Insgesamt gibt es fünf Plätze in der Tagesklinik. Diese werden immer zeitversetzt verteilt. „So können die Neuen etwas von denen lernen, die schon länger da sind“, erklärt Eder. Außerdem wird auch mit gemeinsamen Spielen und Co. therapiert. Dabei achtet die Ärztin darauf, dass Patienten mit unterschiedlichen Stärken zusammenarbeiten. So können sie voneinander profitieren. Wichtig dabei: Es gibt kein festes Schema, das bei jedem Betroffenen Erfolg verspricht. Was dem einen hilft, kann einem anderen vielleicht sogar schaden. Das hat auch Stefan Anzer bemerkt, als er mit dem in der Klinik Gelernten seiner Frau Birgit helfen wollte. Denn auch sie hat sich zur etwa selben Zeit mit dem Virus infiziert.

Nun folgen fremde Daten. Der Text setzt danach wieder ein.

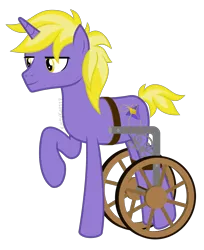 Size: 2000x2446 | Tagged: safe, artist:kaitykat117, derpibooru import, oc, oc:cornsilk lavender(kaitykat), unofficial characters only, base used, disabled, image, png, simple background, solo, transparent background, vector, wheelchair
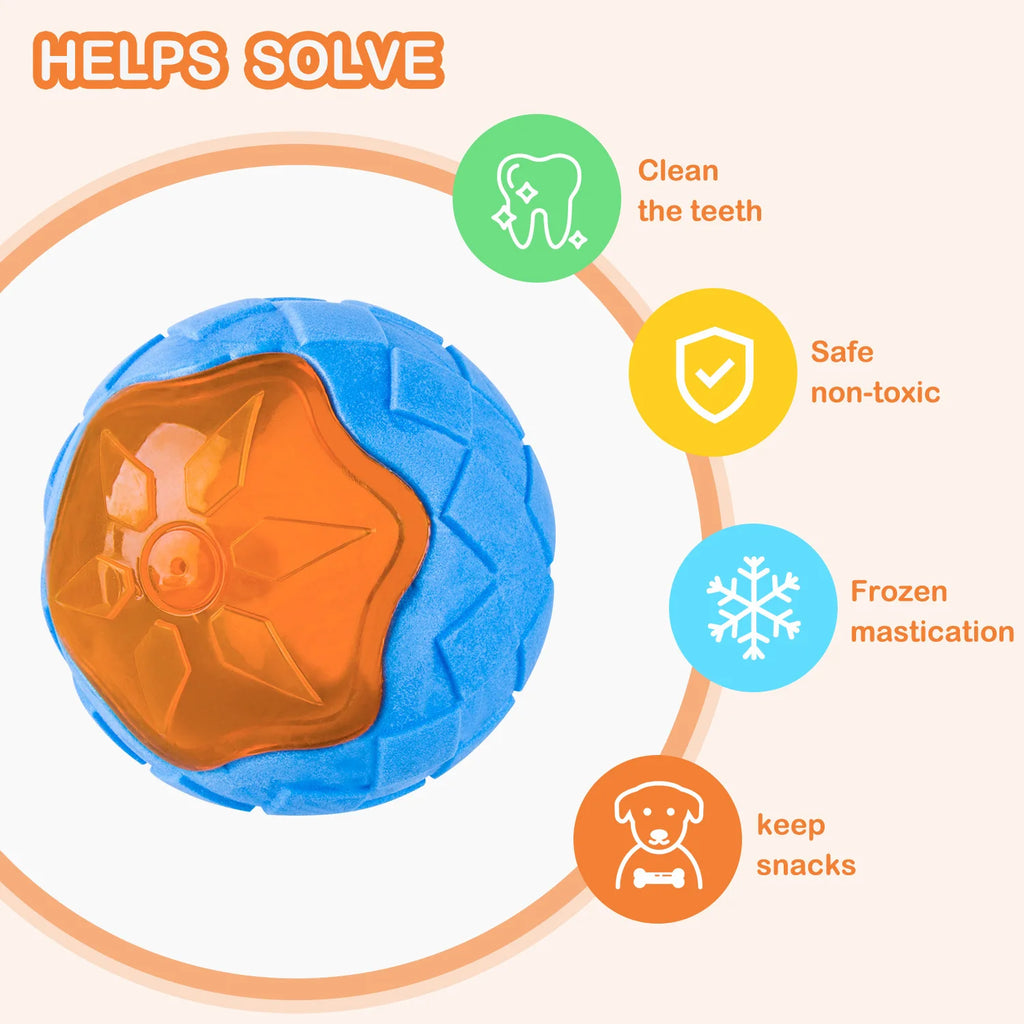 Floating Water Toy, Bite-Resistant Pet Ball for Dog Training, Dog Throwing Disc, Interactive Toy for Large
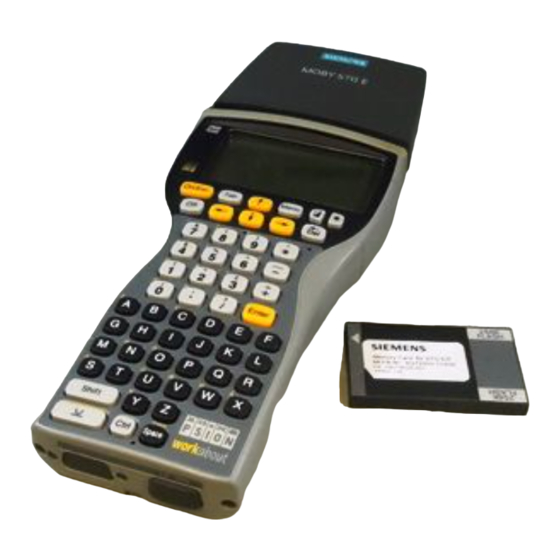 Siemens MOBY STG Handbuch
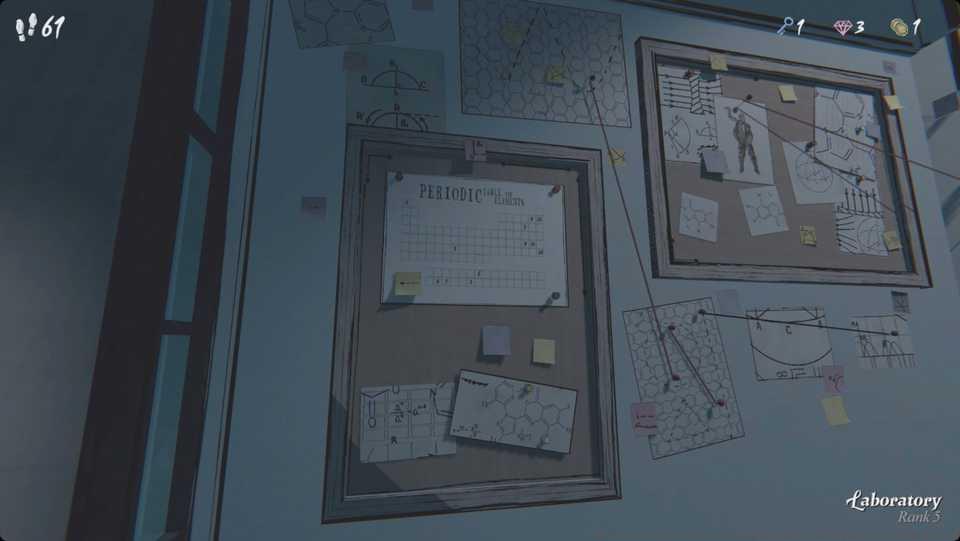 Blue Prince Laboratory puzzle 2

„Danach habe ich bemerkt, dass alles viel anstrengender war als vorher. Und meine Merkfähigkeit ist deutlich zurückgegangen“, erzählt Birgit Anzer. „Ich bin zum Beispiel vor dem Geldautomaten gestanden und habe meine PIN nicht mehr gewusst.“ Dabei hat sie auch die psychische Belastung bemerkt. Denn wenn alles plötzlich nicht mehr so geht, wie man möchte, kommt Frust auf. Doch von diesem Frust, den sie bei vielen Patienten bemerkt, lässt sich Eder nicht abschrecken. „Aufgeben ist keine Option“, sagt sie. „Man kann immer etwas machen. Immer.“

„Man muss ständig an
sich selbst arbeiten“

„Bei Frau Anzer hatte das Zwerchfell gar keine Aktivität mehr“, erzählt Eder. Es war komplett starr. Mit dem Training des Zwerchfells hat sich dann auch die Konzentrations- und Gedächtnisstörung schnell gebessert. Was besonders für Stefan Anzer am Anfang allerdings schwer zu fassen war: Die Krankheit kommt von einen auf den anderen Tag, ist aber nicht genauso schnell wieder weg. Doch auch diese Geduld mit sich selbst und seinem Körper konnte er in der Tagesklinik lernen. „Man muss ständig an sich selbst arbeiten. Aber wenn man Erfolge bemerkt, dann macht man es auch gerne.“ Und ein paar Erfolge konnte Stefan Anzer auch schon feiern.

In seiner Freizeit ist er nämlich Sportschütze. Doch auch hier kamen ihm die Virus-Folgen in die Quere. „Dabei muss man den Ruhepuls relativ niedrig halten. Außerdem sind Armtraining, Konzentration, Atemtraining und auch mentales Training enorm wichtig“, erklärt er. Doch aufgrund der Erkrankung konnte er kein Muskel- und Konditionstraining betreiben. Und auch Puls und Atmung wurden zum Problem.

Wieder zurück
am Schießstand

Doch seit der Behandlung in der Tagesklinik ist Anzer wieder zurück am Schießstand – und hat sogar schon einen Titel geholt. „Was sind wir nochmal?“, fragt ihn Dr. Eder. „Bayerischer Herbstmeister“, sagt Anzer mit einem stolzen Lächeln. In Kürze findet die deutsche Meisterschaft im Pistolenschießen statt, wo er ebenfalls antreten wird. Im Gespräch merkt man deutlich, wie stolz Eder auf ihre Schützlinge ist. Man gewinnt den Eindruck, dass es nicht nur Patienten für sie sind. Mehr Freunde, denen sie den Weg zurück in ein positives Leben weist.